SUPPLIED DATA ->

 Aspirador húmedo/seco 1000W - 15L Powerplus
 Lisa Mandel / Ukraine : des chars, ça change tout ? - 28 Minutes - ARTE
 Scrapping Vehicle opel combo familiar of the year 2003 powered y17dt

* * *

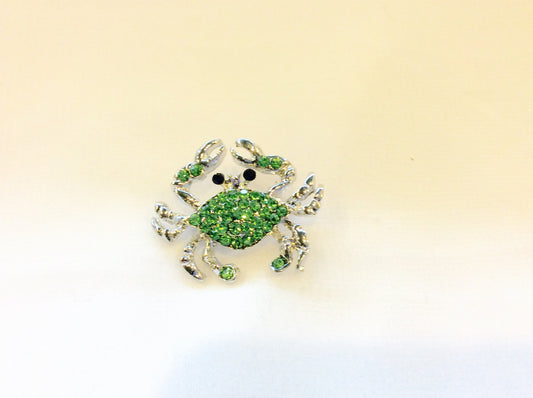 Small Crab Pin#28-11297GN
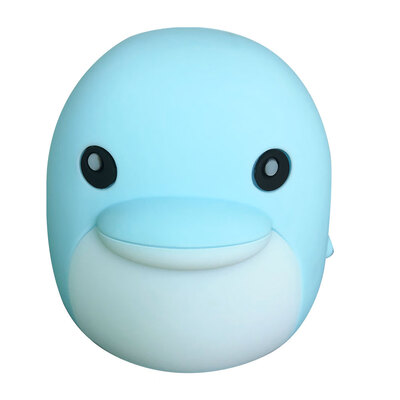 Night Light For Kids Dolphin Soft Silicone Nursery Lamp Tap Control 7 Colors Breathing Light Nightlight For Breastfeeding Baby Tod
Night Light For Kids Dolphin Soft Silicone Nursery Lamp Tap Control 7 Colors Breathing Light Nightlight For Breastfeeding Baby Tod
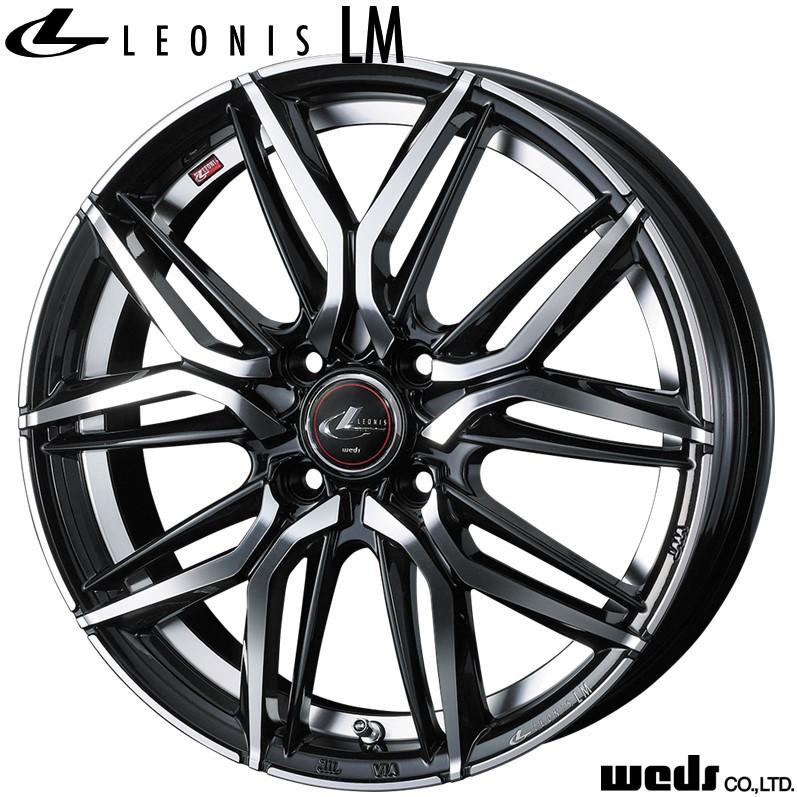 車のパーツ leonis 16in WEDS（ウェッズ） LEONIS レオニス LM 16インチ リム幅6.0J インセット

WHAT IS BEING ASKED ->
Output only an exact transcription of the lines above from the one with "Aspirador húmedo/seco 1000W - 15L Powerplus" up to and including the one with "Scrapping Vehicle opel".

ANSWER TO THIS PROBLEM ->
 Aspirador húmedo/seco 1000W - 15L Powerplus
 Lisa Mandel / Ukraine : des chars, ça change tout ? - 28 Minutes - ARTE
 Scrapping Vehicle opel combo familiar of the year 2003 powered y17dt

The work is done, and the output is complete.